Governance follows a nonprofit board structure with stakeholders drawn from neighborhood leaders, representatives of institutions such as Harvard University, Massachusetts Institute of Technology, community advocates from Cambridge Residents Alliance, and funders from organizations like Boston Foundation and Citizens Energy. Funding streams combine grants from state agencies including Massachusetts Cultural Council when engaged in public realm projects, philanthropic grants from private foundations, program service fees, Low-Income Housing Tax Credit equity, and debt financing from regional lenders including Arlington Cooperative Bank and Eastern Bank. The CDCC has adopted compliance practices reflecting reporting standards of Community Development Financial Institutions Fund when participating in credit-related activities.
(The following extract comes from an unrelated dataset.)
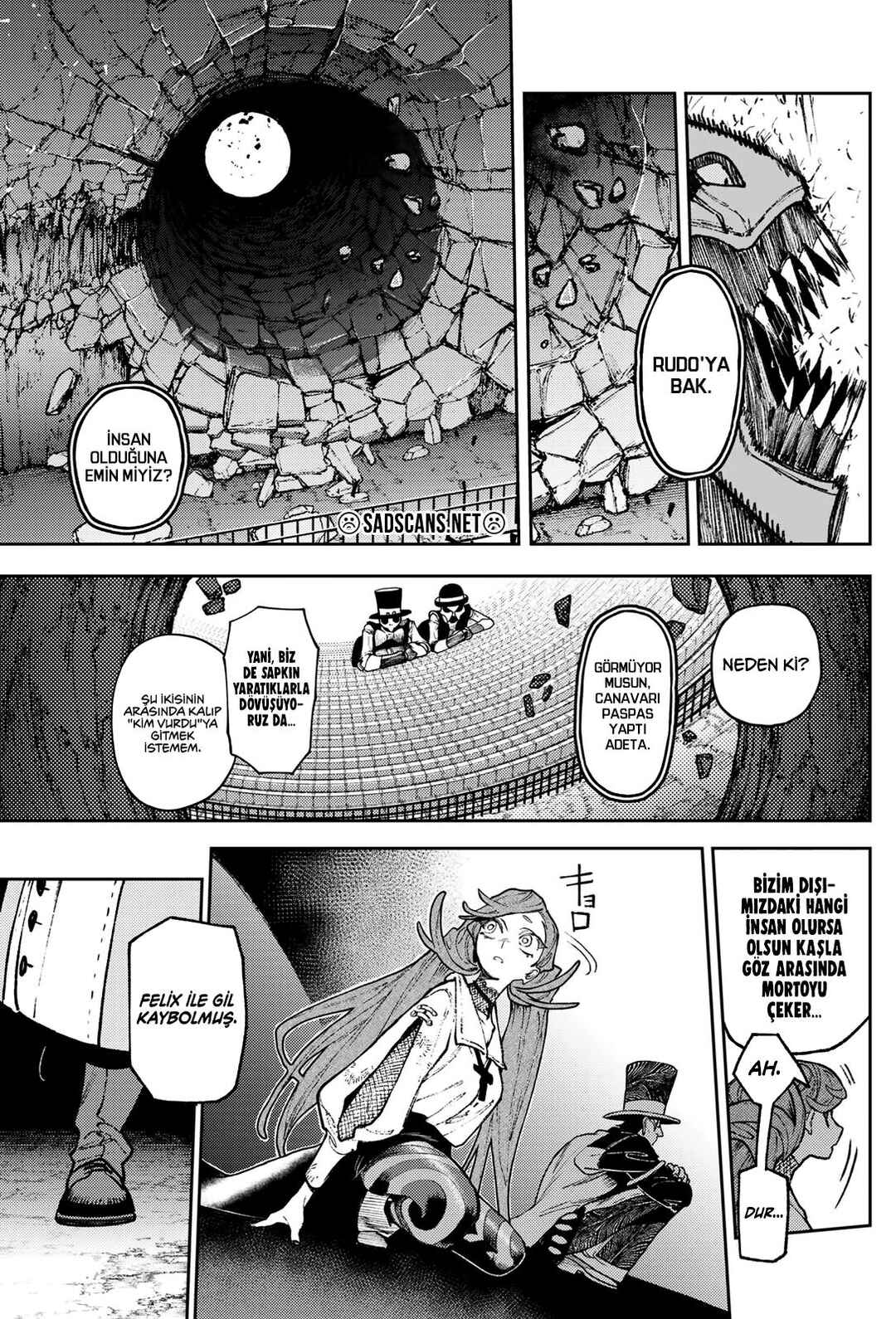 Gachiakuta Chapter 159 - Page 12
Partnerships span municipal departments such as the Cambridge Economic Development Division, statewide entities like MassHire, nonprofit intermediaries including Enterprise Community Partners and NeighborWorks America, academic partners at Harvard Kennedy School and MIT Department of Urban Studies and Planning, and philanthropic partners including Surdna Foundation. Impact evaluation has relied on metrics used in urban policy research at Lincoln Institute of Land Policy, independent evaluations by consultants with ties to Urban Institute, and data-sharing agreements with institutions such as MassGIS and the U.S. Census Bureau. Assessments focus on metrics like affordable units preserved, jobs retained or created, small business survival rates, and displacement mitigation outcomes, informing iterative program design and policy advocacy in Cambridge and the broader Greater Boston region.